◆ Available data ◆

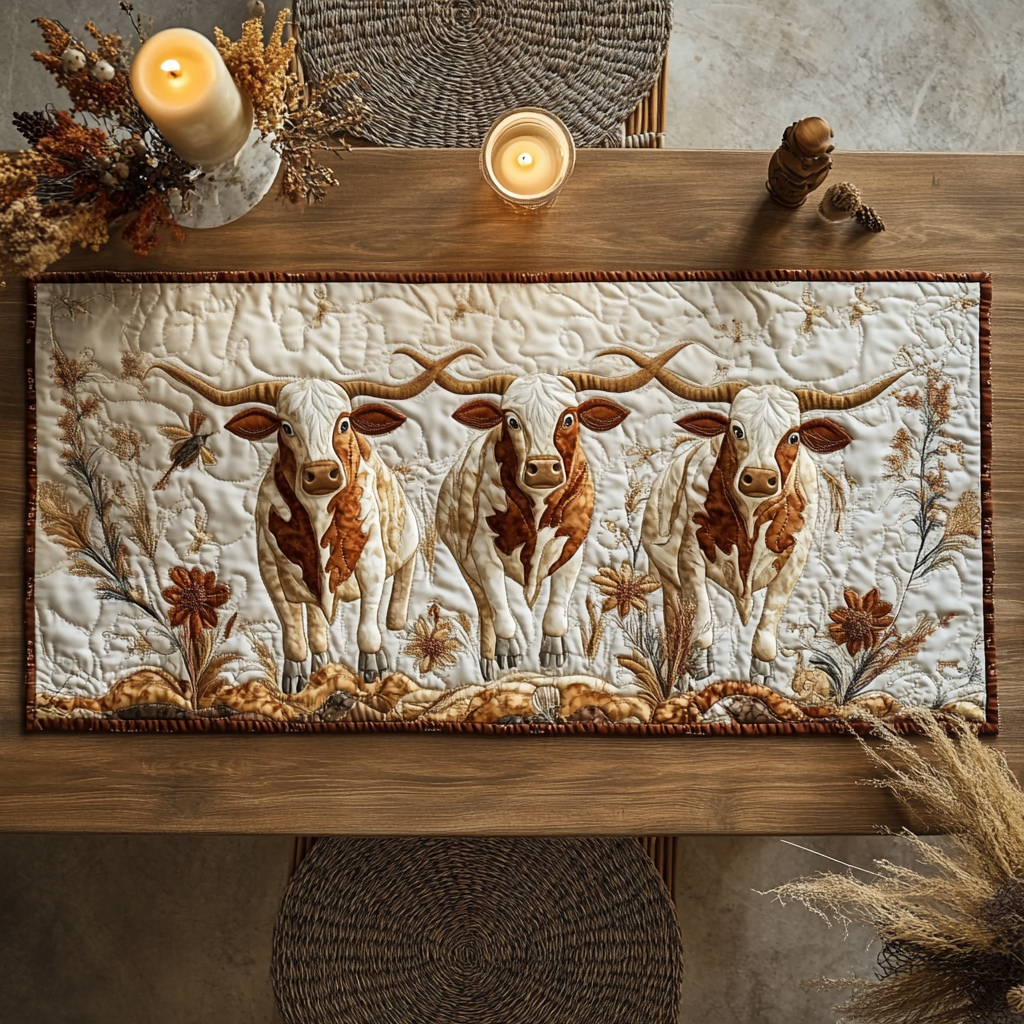 Country Strength Quilted Table Runner Dinner Table Decor Texas Gifts For Women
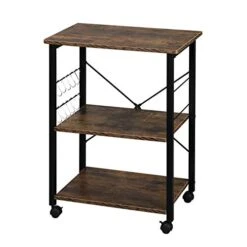3 Tier Kitchen Microwave Cart, Microwave Stand On Wheels, Coffee Cart With Storage, Rolling Bakers Rack Workstation Shelf With 10 Hooks (24 X 16 X 29 Inches, Rustic Brown)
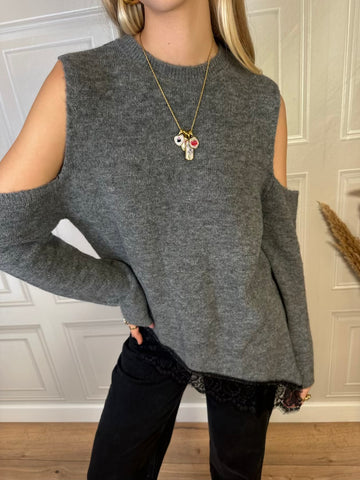 Maglia cut out pizzo - HaveOne
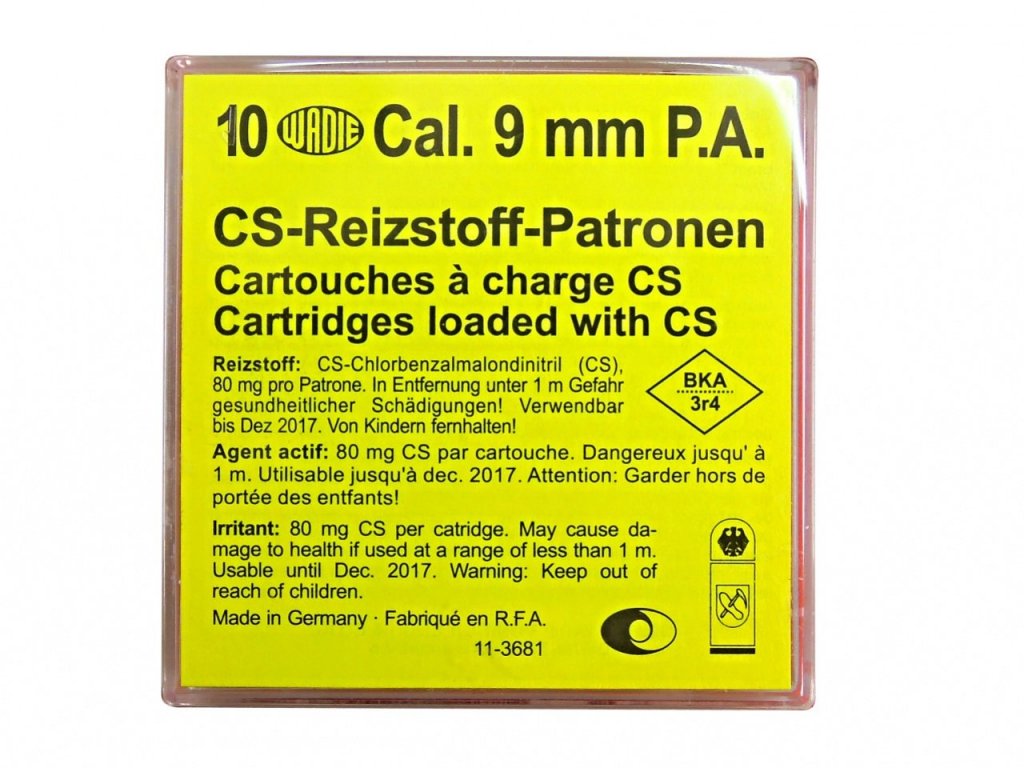Gas cartridges CS 9mm pistol Wadie 10pcs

◆ Problem requirements ◆
Exactly the lines from the line with "3 Tier Kitchen" through the end of the data are to be reproduced, and no picture is to be included.

◆ Exercise response ◆
3 Tier Kitchen Microwave Cart, Microwave Stand On Wheels, Coffee Cart With Storage, Rolling Bakers Rack Workstation Shelf With 10 Hooks (24 X 16 X 29 Inches, Rustic Brown)
 Maglia cut out pizzo - HaveOne
Gas cartridges CS 9mm pistol Wadie 10pcs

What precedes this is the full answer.